Looking forward to the whisper powered by wenet.

xingchensong · 2023-11-14T14:11:50Z

Confirm that torchaudio is equal to whisper.load_audio:

import torchaudio
import numpy as np

from subprocess import CalledProcessError, run


wav_file = "BAC009S0724W0121.wav"

# 1. torchaudio
waveform_torchaudio, sample_rate = torchaudio.load(wav_file)
waveform_torchaudio = waveform_torchaudio.numpy().flatten().astype(np.float32)

# 2. whisper
SAMPLE_RATE = 16000
N_FFT = 400
HOP_LENGTH = 160
CHUNK_LENGTH = 30
N_SAMPLES = CHUNK_LENGTH * SAMPLE_RATE  # 480000 samples in a 30-second chunk
N_FRAMES = N_SAMPLES // HOP_LENGTH  # 3000 frames in a mel spectrogram input
N_SAMPLES_PER_TOKEN = HOP_LENGTH * 2  # the initial convolutions has stride 2
FRAMES_PER_SECOND = SAMPLE_RATE // HOP_LENGTH  # 10ms per audio frame
TOKENS_PER_SECOND = SAMPLE_RATE // N_SAMPLES_PER_TOKEN  # 20ms per audio token

def load_audio(file: str, sr: int = SAMPLE_RATE):
    """
    Open an audio file and read as mono waveform, resampling as necessary

    Parameters
    ----------
    file: str
        The audio file to open

    sr: int
        The sample rate to resample the audio if necessary

    Returns
    -------
    A NumPy array containing the audio waveform, in float32 dtype.
    """

    # This launches a subprocess to decode audio while down-mixing
    # and resampling as necessary.  Requires the ffmpeg CLI in PATH.
    # fmt: off
    cmd = [
        "ffmpeg",
        "-nostdin",
        "-threads", "0",
        "-i", file,
        "-f", "s16le",
        "-ac", "1",
        "-acodec", "pcm_s16le",
        "-ar", str(sr),
        "-"
    ]
    # fmt: on
    try:
        out = run(cmd, capture_output=True, check=True).stdout
    except CalledProcessError as e:
        raise RuntimeError(f"Failed to load audio: {e.stderr.decode()}") from e

    return np.frombuffer(out, np.int16).flatten().astype(np.float32) / 32768.0

wavform_whisper = load_audio(wav_file)

# 3. compare
print(waveform_torchaudio.shape, waveform_torchaudio[:10])
print(wavform_whisper.shape, wavform_whisper[:10])
print(np.allclose(waveform_torchaudio, wavform_whisper))

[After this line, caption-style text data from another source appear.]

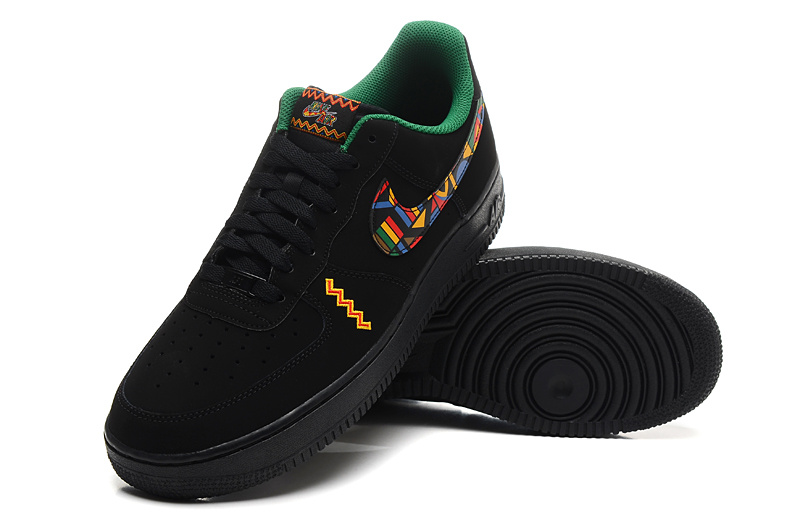Nike Air Force 1 Low CND Black Sneaker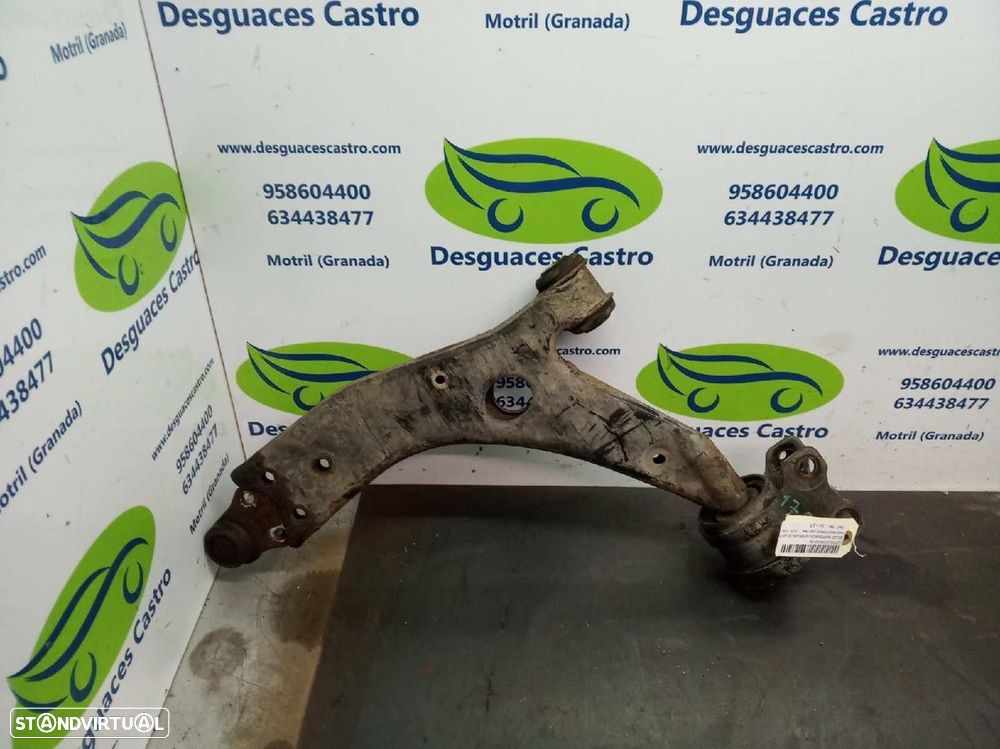 BRAÇO SUSPENSÃO INFERIOR FRONTAL ESQUERDO FORD FOCUS II TURNIER 2005 - - 1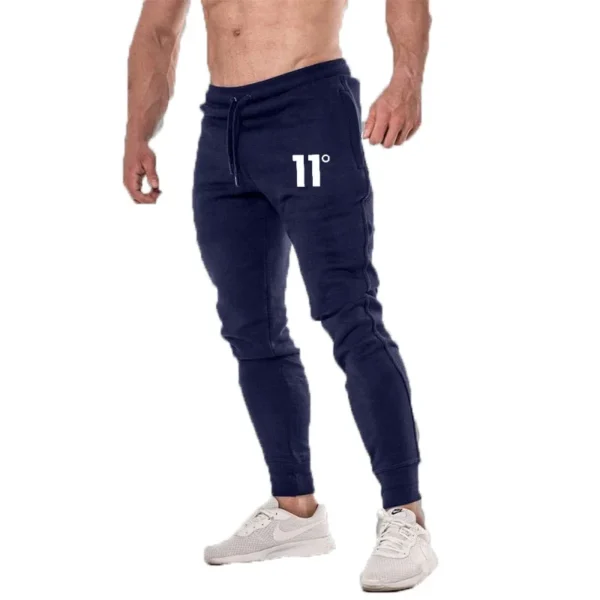 2023 New Printed Pants Autumn Winter Men/Women Running Pants Joggers Sweatpant Sport Casual Trousers Fitness Gym Breathable Pant - Image 2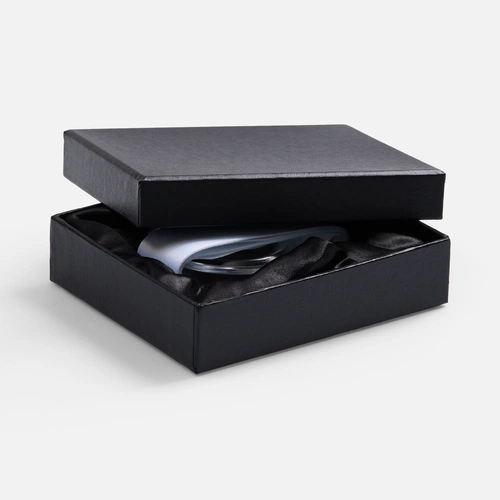 Медаль Glassglow, прозрачная Медаль Glassglow, прозрачная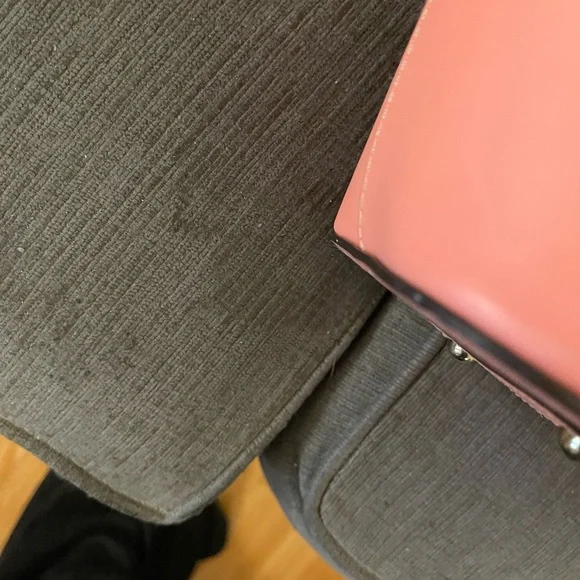 Dooney & Bourke Pink Tote Bag - Picture 16 of 16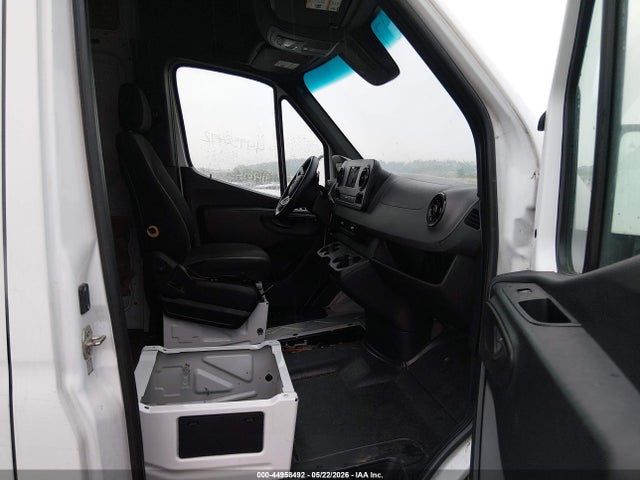 44958492 :رقم المزاد ، W1Y4EDHY4MT073814 vin ، 2021 Mercedes-benz Sprinter 2500 High Roof V6 مزاد بيع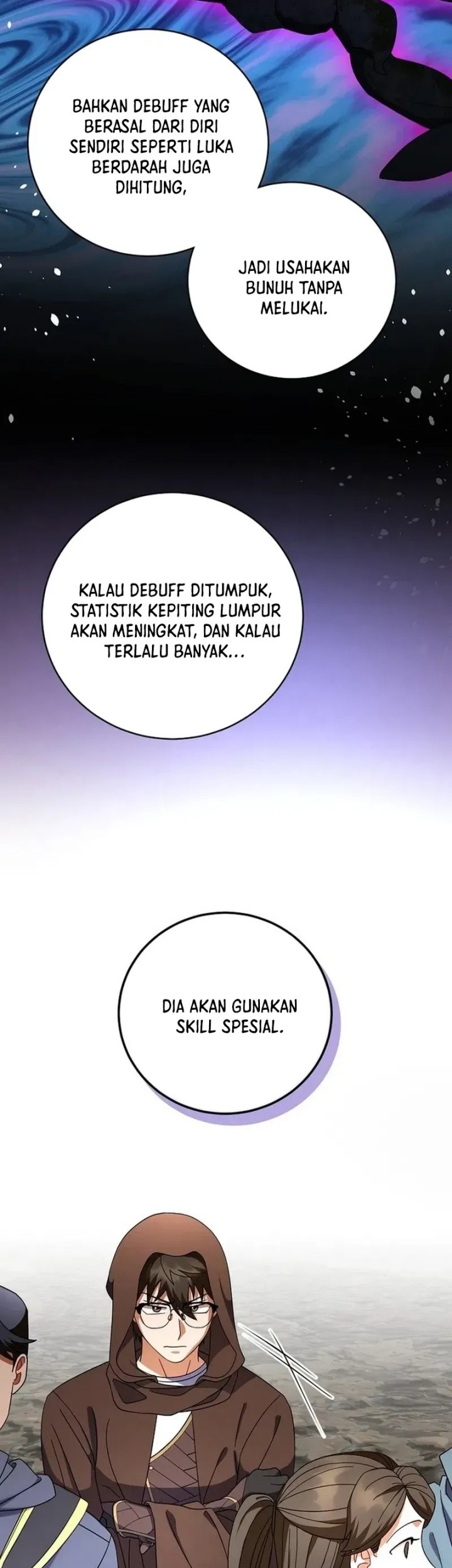 Master of All Skills Chapter 6 Gambar 59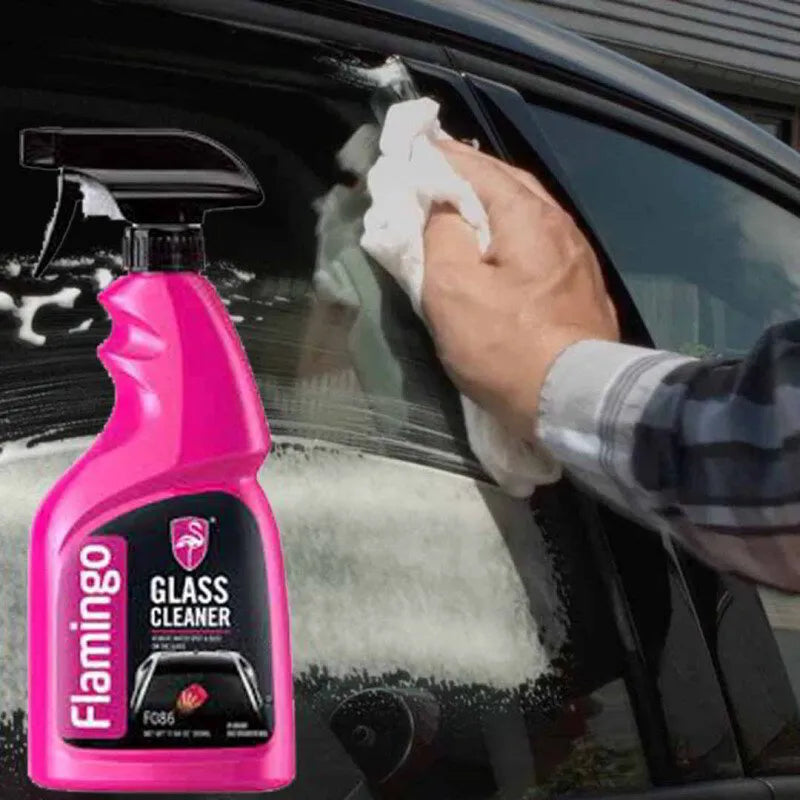 Спрей за почистване на стъкла Glass Cleaner 500ml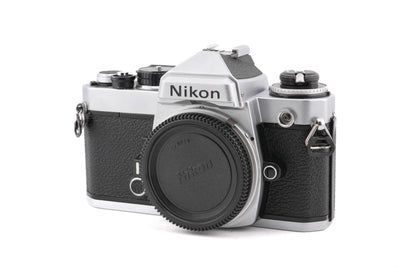 Nikon FE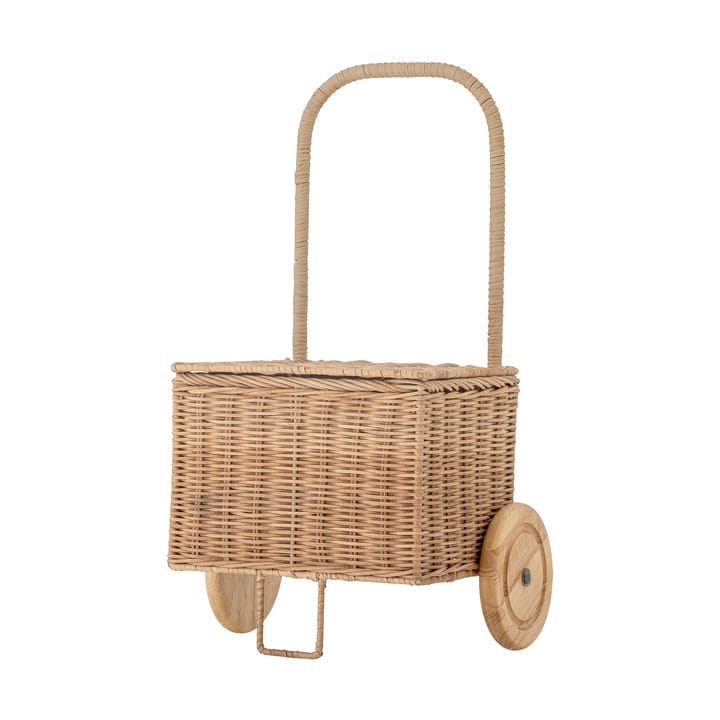 Carrello della spesa Penny trolley  - Marrone - Bloomingville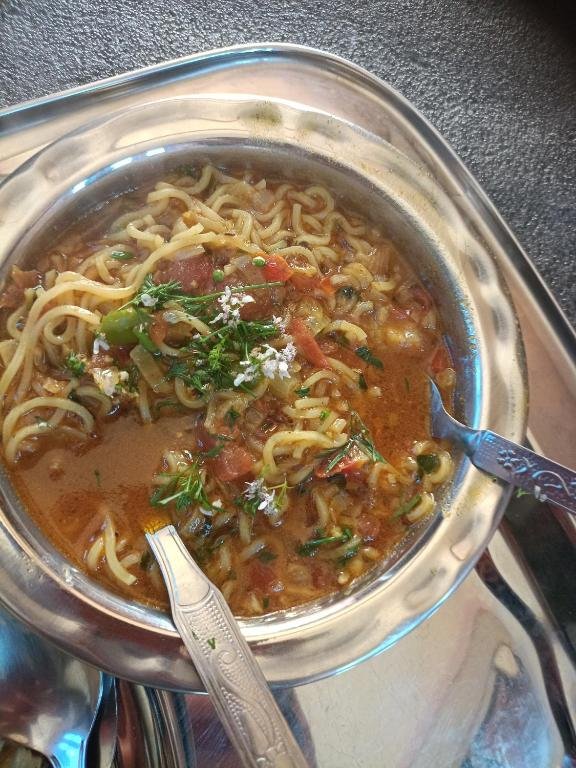 Veg Maggi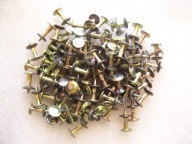 KOŁKI GWOŹDZIE DO OSADZAKA SPIT DO STALI SBR 14 SPIT HILTI OSADZAK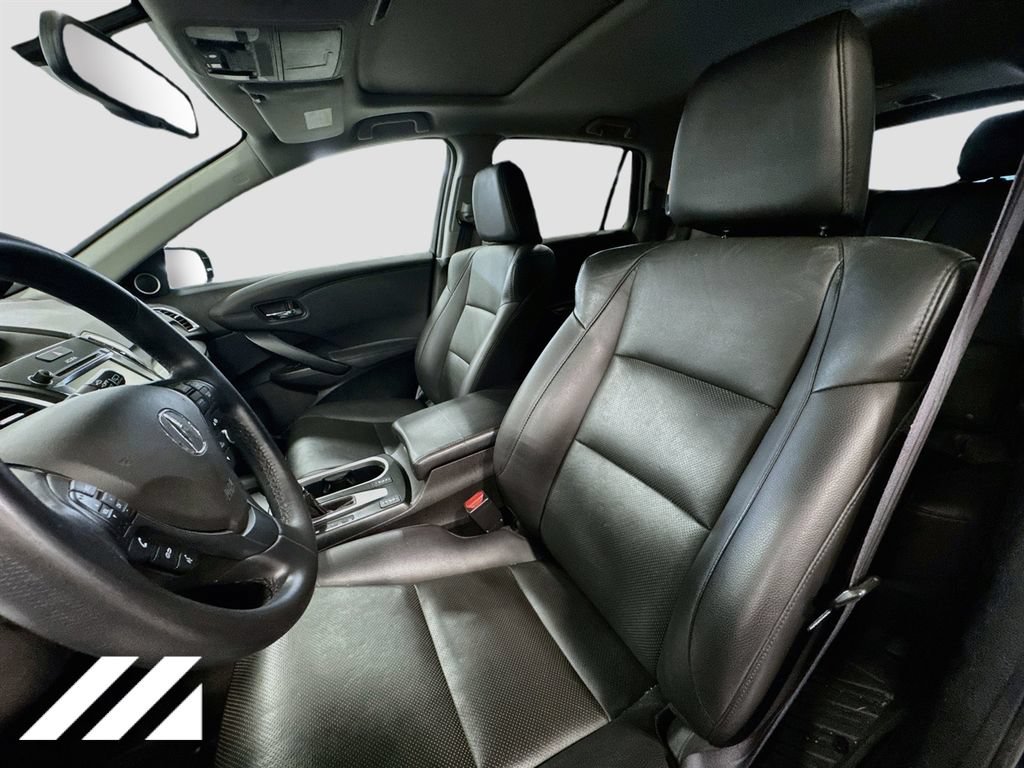 Used 2016 Acura RDX w/ Technology Package AWD/4WD image 22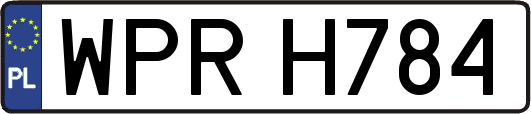 WPRH784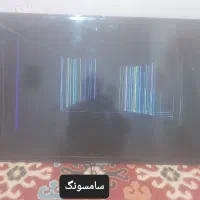 فروش تلویزیون lcd معیوب سانسونگ ۴۳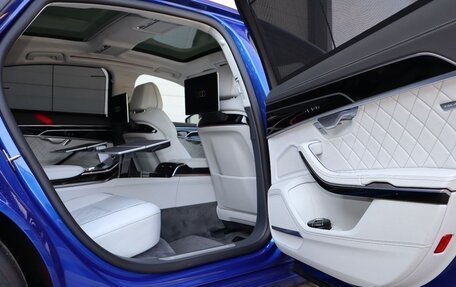 Audi A8, 2022 год, 7 480 000 рублей, 16 фотография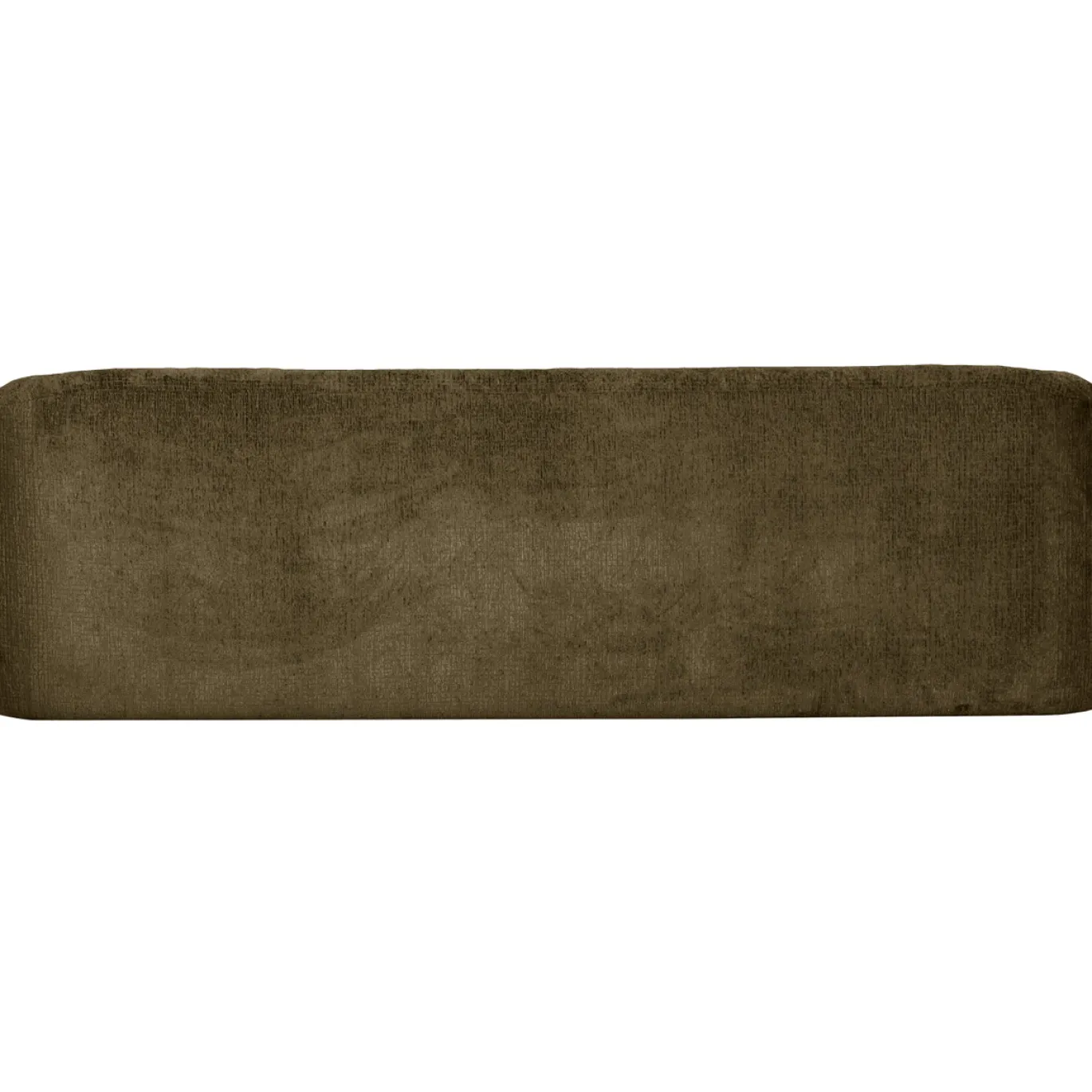 Woood Bank Sloping 3-Zits Velvet Bonsai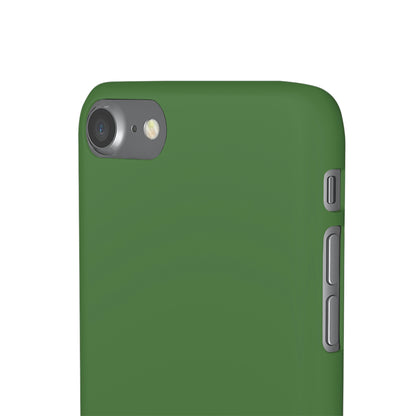 Fern Green iPhone Case (Slim) Phone Case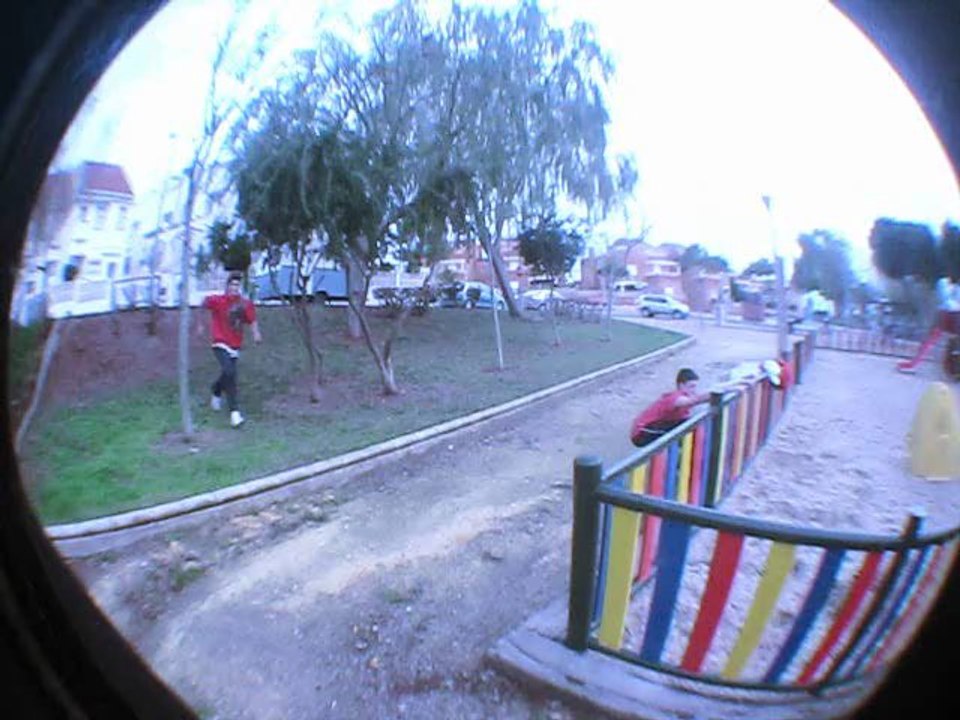 Mini Reco Bryce /2009-2010/ Street Runners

Mddct · 2023-11-14T14:33:24Z

fbank这一块需要改动吗

xingchensong · 2023-11-14T14:36:29Z

fbank这一块需要改动吗

正在验证的就是这个

xingchensong · 2023-11-15T03:48:19Z

Compared to whisper.log_mel_spectrogram, the precision error of torchaudio and librosa is 1e-4 and 1e-6 respectively, thus we prefer to use librosa:

import torch
import torchaudio
import librosa
import numpy as np
import torch.nn.functional as F
import torchaudio.transforms as T

from functools import lru_cache
from typing import Optional, Union
from subprocess import CalledProcessError, run


wav_file = "BAC009S0724W0121.wav"
N_MEL = 128
SAMPLE_RATE = 16000
N_FFT = 400
HOP_LENGTH = 160
WINDOW_LENGTH = N_FFT


# 1. torchaudio
waveform_torchaudio, sample_rate = torchaudio.load(wav_file)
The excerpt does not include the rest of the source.